Der Schritt zur Zeitarbeit lag nahe. Randstad kannte er schon von seiner vorherigen Stelle. Für die bei seiner Firma beschäftigten Zeitarbeiter erstellte Huber die Dienstpläne. Die Arbeit hat sich verändert, erzählt er, obwohl er weiter im gleichen Beruf tätig ist. Statt für eine Firma arbeitet er jetzt für viele verschiedene. Meist erfährt er zwei Tage, bevor ein Einsatz endet, von dem bevorstehenden Wechsel. Dann bekommt er einen Anruf von seiner Vermittlerin, die ihm den neuen Einsatzort mitteilt. "Wenn man vorher fest gearbeitet hat, muss man sich schon umstellen", sagt Huber. "Man muss viel fahren und trifft ständig neue Leute."
Damit das Prinzip Zeitarbeit funktioniert, braucht es vor allem Menschen wie Jana Förster. Die junge Berlinerin arbeitet als Disponentin, so heißen Arbeitsvermittler im Fachjargon, beim deutschlandweiten Marktführer Randstad. Auch sie weiß, dass den Zeitarbeitern viel abverlangt wird. "Deshalb sind die meisten unserer Mitarbeiter relativ jung. Die sind oft mobiler und flexibler."
Die Vorstellung, dass Arbeitsvermittler den ganzen Tag nichts anderes tun, als mit Bewerbern zu sprechen, ist falsch. "Die Hälfte meiner Arbeitszeit verbringe ich in den Kundenunternehmen", erklärt Förster ihre Tätigkeit. "Die kommen mit ihren Jobs nicht unbedingt zu uns, ich suche sie vor Ort." Die andere Hälfte der Zeit ist sie im Büro. Macht Verträge mit den Kunden, die Lohnabrechnung, führt die Personalakten.

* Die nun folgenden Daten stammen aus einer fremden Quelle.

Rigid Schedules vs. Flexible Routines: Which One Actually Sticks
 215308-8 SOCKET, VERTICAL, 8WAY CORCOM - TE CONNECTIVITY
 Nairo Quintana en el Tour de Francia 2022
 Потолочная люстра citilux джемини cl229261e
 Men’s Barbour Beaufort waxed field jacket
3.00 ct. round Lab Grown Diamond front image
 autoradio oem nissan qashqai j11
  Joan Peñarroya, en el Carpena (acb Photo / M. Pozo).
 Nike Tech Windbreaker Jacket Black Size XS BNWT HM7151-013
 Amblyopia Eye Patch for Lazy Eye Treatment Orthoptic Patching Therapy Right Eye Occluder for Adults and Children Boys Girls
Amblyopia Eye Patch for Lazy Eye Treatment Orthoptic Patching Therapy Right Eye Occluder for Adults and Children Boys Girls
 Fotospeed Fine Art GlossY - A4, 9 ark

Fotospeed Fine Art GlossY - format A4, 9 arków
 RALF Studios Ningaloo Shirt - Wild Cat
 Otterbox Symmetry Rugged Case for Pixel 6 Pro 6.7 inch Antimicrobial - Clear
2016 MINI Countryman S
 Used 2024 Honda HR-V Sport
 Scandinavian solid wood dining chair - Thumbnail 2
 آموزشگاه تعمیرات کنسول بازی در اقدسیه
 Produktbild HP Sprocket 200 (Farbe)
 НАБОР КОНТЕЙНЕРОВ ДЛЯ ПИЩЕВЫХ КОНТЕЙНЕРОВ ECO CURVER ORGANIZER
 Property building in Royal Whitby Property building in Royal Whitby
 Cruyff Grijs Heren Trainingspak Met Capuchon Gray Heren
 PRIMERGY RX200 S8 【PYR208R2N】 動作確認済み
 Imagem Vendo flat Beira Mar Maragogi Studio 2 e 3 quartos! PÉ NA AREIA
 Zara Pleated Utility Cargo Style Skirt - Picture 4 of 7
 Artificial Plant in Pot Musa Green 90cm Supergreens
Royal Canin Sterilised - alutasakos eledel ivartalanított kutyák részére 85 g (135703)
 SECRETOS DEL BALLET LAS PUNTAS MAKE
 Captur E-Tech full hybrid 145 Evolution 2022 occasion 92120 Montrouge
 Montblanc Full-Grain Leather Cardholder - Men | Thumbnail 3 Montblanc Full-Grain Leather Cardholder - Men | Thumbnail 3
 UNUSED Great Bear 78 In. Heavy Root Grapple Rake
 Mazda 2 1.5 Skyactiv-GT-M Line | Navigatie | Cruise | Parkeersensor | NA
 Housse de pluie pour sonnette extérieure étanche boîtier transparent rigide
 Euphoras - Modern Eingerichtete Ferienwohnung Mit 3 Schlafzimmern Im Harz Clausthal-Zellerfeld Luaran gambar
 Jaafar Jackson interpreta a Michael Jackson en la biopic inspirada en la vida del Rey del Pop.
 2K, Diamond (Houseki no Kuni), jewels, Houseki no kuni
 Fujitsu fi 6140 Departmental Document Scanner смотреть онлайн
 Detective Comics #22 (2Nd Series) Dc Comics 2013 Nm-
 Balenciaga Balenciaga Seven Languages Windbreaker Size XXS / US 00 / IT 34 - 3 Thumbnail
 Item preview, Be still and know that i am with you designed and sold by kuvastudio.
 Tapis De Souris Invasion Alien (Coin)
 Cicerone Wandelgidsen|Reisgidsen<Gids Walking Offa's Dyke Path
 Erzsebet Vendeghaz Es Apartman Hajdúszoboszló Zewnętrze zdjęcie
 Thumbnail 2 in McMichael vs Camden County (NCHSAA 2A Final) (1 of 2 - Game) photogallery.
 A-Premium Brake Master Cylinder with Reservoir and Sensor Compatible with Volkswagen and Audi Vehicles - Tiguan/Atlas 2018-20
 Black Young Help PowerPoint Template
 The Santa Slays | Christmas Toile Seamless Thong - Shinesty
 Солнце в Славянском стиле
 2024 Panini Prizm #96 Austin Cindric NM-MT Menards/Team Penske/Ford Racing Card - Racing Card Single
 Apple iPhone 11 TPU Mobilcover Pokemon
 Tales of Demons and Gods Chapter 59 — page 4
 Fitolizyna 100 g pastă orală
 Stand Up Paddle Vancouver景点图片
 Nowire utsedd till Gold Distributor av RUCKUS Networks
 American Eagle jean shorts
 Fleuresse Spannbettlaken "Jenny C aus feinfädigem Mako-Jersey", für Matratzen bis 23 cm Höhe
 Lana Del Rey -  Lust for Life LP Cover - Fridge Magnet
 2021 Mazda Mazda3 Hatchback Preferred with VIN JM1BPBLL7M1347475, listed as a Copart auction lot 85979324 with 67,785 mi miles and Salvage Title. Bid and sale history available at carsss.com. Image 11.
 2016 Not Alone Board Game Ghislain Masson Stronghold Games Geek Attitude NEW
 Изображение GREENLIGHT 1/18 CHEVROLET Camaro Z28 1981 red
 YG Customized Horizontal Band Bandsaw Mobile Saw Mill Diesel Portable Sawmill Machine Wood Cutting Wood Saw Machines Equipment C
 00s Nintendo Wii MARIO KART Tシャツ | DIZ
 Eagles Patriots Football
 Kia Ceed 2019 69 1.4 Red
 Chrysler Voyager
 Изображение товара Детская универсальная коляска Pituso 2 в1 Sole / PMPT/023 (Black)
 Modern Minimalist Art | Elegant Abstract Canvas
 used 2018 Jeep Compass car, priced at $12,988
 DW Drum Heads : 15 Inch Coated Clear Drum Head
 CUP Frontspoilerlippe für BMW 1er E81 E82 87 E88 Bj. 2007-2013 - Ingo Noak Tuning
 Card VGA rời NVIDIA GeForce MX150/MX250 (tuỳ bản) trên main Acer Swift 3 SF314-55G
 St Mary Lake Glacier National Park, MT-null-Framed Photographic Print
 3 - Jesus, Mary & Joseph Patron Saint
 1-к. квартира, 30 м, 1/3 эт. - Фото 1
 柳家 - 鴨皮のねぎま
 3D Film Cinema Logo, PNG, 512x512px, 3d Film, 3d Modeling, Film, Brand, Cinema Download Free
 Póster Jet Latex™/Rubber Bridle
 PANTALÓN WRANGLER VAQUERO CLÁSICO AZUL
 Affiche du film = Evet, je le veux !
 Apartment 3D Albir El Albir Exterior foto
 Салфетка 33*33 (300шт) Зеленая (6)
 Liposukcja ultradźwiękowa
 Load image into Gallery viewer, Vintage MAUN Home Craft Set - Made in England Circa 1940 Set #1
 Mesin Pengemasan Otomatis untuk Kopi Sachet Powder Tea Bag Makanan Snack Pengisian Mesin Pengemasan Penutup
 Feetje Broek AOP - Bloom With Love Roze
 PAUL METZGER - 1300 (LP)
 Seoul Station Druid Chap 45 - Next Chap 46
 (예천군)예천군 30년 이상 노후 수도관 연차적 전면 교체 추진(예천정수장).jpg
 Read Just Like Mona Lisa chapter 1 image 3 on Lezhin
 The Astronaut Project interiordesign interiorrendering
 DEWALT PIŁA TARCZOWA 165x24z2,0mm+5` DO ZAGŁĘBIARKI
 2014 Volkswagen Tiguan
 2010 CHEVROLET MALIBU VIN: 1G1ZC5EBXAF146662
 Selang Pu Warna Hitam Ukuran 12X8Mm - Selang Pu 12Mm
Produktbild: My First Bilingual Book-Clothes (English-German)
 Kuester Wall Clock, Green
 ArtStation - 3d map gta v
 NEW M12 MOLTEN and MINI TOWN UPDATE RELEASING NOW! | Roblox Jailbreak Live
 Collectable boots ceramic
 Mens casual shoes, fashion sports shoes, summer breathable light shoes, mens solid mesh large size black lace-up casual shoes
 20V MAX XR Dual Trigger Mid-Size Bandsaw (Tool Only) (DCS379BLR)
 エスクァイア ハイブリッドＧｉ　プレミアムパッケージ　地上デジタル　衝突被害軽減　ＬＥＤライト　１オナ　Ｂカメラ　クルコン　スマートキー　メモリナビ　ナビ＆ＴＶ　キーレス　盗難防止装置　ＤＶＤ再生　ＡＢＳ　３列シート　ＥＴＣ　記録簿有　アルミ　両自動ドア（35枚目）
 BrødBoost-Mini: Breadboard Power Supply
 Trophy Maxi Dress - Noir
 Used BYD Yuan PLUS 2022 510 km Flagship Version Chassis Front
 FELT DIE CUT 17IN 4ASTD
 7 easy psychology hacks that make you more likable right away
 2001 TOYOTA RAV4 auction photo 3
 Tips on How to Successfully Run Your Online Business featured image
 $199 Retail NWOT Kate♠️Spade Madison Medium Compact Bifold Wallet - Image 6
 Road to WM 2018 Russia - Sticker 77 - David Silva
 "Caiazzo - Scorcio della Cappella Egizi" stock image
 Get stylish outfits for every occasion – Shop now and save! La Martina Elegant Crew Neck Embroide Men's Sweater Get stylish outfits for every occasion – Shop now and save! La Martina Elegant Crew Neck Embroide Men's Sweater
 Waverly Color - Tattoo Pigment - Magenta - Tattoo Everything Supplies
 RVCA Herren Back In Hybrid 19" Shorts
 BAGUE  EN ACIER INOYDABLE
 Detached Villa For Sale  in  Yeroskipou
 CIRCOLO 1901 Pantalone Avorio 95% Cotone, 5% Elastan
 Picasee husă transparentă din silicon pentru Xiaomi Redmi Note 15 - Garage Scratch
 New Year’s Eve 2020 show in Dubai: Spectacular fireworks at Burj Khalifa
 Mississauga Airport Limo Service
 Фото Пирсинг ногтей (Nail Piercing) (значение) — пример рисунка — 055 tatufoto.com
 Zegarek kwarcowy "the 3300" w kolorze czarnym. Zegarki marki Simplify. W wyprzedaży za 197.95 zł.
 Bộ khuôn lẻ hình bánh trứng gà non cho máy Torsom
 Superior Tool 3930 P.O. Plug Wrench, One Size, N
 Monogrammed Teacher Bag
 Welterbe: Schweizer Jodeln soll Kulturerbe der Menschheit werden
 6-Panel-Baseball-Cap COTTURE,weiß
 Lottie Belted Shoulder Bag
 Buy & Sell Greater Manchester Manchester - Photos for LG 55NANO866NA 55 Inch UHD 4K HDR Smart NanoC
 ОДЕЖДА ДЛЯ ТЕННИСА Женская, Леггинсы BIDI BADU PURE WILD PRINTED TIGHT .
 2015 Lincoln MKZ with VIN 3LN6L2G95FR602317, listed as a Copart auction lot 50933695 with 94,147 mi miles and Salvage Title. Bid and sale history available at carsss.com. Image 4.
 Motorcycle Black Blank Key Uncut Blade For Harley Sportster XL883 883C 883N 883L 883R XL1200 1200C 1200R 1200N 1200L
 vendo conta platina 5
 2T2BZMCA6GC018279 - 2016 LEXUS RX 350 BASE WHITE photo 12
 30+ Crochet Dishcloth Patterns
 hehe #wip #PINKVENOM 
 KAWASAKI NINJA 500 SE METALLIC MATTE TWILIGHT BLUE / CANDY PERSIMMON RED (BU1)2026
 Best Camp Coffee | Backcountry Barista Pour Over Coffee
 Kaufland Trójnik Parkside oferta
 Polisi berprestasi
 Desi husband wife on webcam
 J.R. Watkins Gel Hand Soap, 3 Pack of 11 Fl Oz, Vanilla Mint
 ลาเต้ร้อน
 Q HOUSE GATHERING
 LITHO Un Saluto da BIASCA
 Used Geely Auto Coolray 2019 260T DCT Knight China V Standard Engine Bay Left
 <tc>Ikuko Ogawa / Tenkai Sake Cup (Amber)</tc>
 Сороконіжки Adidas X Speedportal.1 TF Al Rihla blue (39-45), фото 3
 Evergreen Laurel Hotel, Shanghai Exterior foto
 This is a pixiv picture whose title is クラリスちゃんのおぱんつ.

Natürlich spricht sie auch mit Bewerbern, Mitarbeitern und koordiniert. Wer kann wann wo sein? Die Fähigkeiten der Mitarbeiter müssen den Anforderungen des Einsatzes genau entsprechen. Um das zu gewährleisten, muss die Vermittlerin die bei den Kunden wartenden Aufgaben kennen. Als sie mit ihrer Tätigkeit anfing hat, wurde sie deshalb in die Betriebe geschickt. Dort konnte sie selbst sehen und ausprobieren, was die von ihr vermittelten Mitarbeiter später tun müssen.
Das Zeitarbeitssystem ist offensichtlich erfolgreich. Momentan werden händeringend zusätzliche Mitarbeiter gesucht. Die Branche bekommt den vielfach angekündigten Fachkräftemangel längst zu spüren. Das gehe auch den Konkurrenzunternehmen so, sagt Förster, man kenne sich untereinander. 120 Fachkräfte betreue sie momentan, sie könnte aber viel mehr vermitteln. Besonders qualifizierte Handwerker, etwa Elektriker und Schlosser, fehlen.
Martin Huber profitiert davon nur wenig. Gerne hätte er Zeitarbeit als Sprungbrett genutzt, um wieder eine Festanstellung zu finden. Aber, so sagt er, "Zeitarbeit ist für die Firmen billiger, da stellt keiner ein". Allerdings wirkt sich der Fachkräftemangel für ihn trotzdem positiv aus. "Früher musste ich als Zeitarbeiter Hilfstätigkeiten machen, die sonst keiner erledigen wollte. Heute bin ich gleichberechtigt."